Storm returning with the bumper

Storm off to fetch a mark

Thunder returning with a blind retrieve

Thunder retrieving a mark

Signaling for the mark

2 Brown Dawgs - http://retrieverlife.com

Thunder and Storm

Thunder and Storm - http://retrieverlife.com

Thunder and Storm

The “2 brown dawgs” are two Chesapeake Bay Retrievers, Thunder and Storm. Thunder is officially CH HR SRR’s North Point Thunder Bay SH WDX CGC. Storm is officially SHR Irish’s Great Lakes Nor’easter SH WDX CGC. The 2 brown dawgs participate in AKC and UKC hunt tests and AKC conformation shows. Both have their AKC Canine Good Citizen certifications and their American Chesapeake Club Working Dog Excellent (WDX) certifications. They are also great waterfowl and upland hunting companions. They live in Michigan and share their home with a black cat named Nestle Crunch. Read more about their escapades at 2browndawgs.com.

Related Articles:

2 Brown Dogs, Hunt Training

Introduction

2 Brown Dawgs is a wonderful blog that I ran across while I was surfing the web one day. After reading some of their posts I knew that asking the 2 Brown Dawgs to be a guest blogger at Retriever Life would enlighten and entertain us all!

Down Time

The end of hunting season means the beginning of winter and too much down time for Thunder and Storm, the “2 brown dawgs”. All spring and summer they were training and running hunt tests. (They both earned their AKC Senior Hunter Titles this past summer.) Fall was spent waterfowl and grouse hunting. But once winter sets in, the opportunity to get out and work with the dogs drops off significantly. The shorter days don’t allow for much field training after work. Sure, we can brush up on their obedience and take them for walks, but that doesn’t do much to maintain their proficiency running marks and handling. It also doesn’t burn off pent up energy.

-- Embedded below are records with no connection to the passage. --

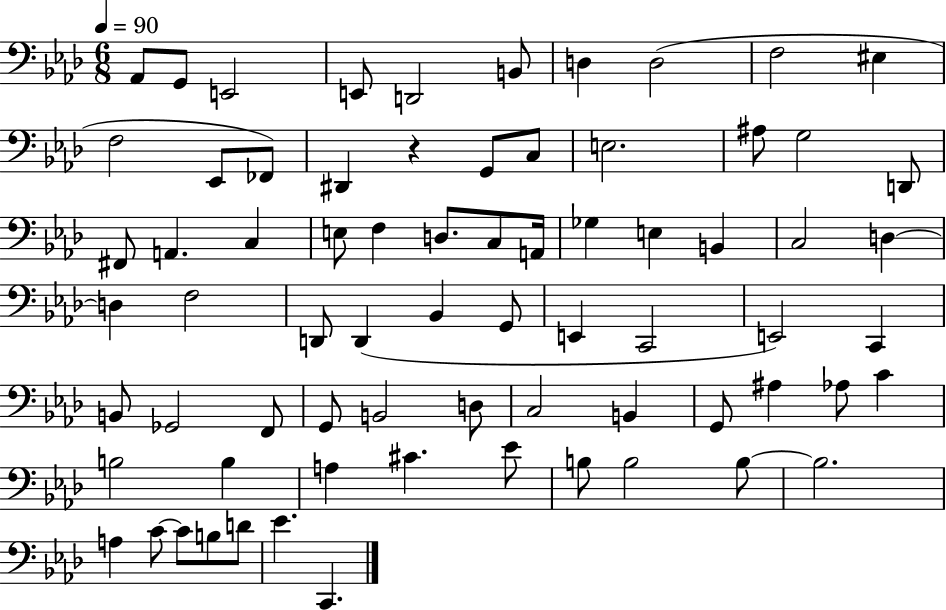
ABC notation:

X:1
T:Untitled
M:6/8
L:1/4
K:Ab
_A,,/2 G,,/2 E,,2 E,,/2 D,,2 B,,/2 D, D,2 F,2 ^E, F,2 _E,,/2 _F,,/2 ^D,, z G,,/2 C,/2 E,2 ^A,/2 G,2 D,,/2 ^F,,/2 A,, C, E,/2 F, D,/2 C,/2 A,,/4 _G, E, B,, C,2 D, D, F,2 D,,/2 D,, _B,, G,,/2 E,, C,,2 E,,2 C,, B,,/2 _G,,2 F,,/2 G,,/2 B,,2 D,/2 C,2 B,, G,,/2 ^A, _A,/2 C B,2 B, A, ^C _E/2 B,/2 B,2 B,/2 B,2 A, C/2 C/2 B,/2 D/2 _E C,,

Chillin’ With A Winter Training Group

Last winter we were fortunate to attend weekly training sessions (aka “Snow Camp”) put on by Darrin Morman of Farpoint Retrievers. Each Tuesday and Saturday between October and March, a group of dedicated retriever owners bundle up, pack thermoses full of hot coffee, and head to Darrin’s to train for the upcoming hunt test season. Unless there is excessive ice or deep snow, you will find this group out in the field training. Snow Camp is open to all levels of dogs: Junior, Senior, and Master. It is a fun group of people, with everyone cheering on all of the dogs as they work.

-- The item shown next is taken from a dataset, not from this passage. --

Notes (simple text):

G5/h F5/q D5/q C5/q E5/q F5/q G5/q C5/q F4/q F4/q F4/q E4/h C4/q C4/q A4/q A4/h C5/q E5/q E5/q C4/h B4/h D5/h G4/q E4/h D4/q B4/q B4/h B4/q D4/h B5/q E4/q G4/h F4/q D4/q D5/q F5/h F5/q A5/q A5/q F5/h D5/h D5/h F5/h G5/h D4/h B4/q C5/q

Our jobs prevent us from attending on Tuesdays, but we look forward to Saturdays. Thunder and Storm look forward to Saturdays. Darrin sets up various training scenarios which usually involve marks. The marks might be long singles, or doubles, or triples, thrown from all different angles. A white bumper against white snow can really challenge a dog’s marking ability. Sometimes the scenarios involve handling, walk-ups, or honoring. Thunder and Storm get a great workout, and it is a good excuse to get out of the house in the winter.

The Payoff

Last winter, we did not join this group until late January. It was disappointing to see that many of the skills we worked so hard on diminished between the end of our summer training and the time that we joined the group. Luckily, after attending Snow Camp for a few Saturdays, our dogs’ skills improved. This year we do not plan to wait until the end of January to return to field training. We would like to begin running Master level hunt tests in the spring, so we need to continue some sort of field training throughout winter. Starting in early December we plan to be back at Snow Camp, all bundled up, and training our dogs.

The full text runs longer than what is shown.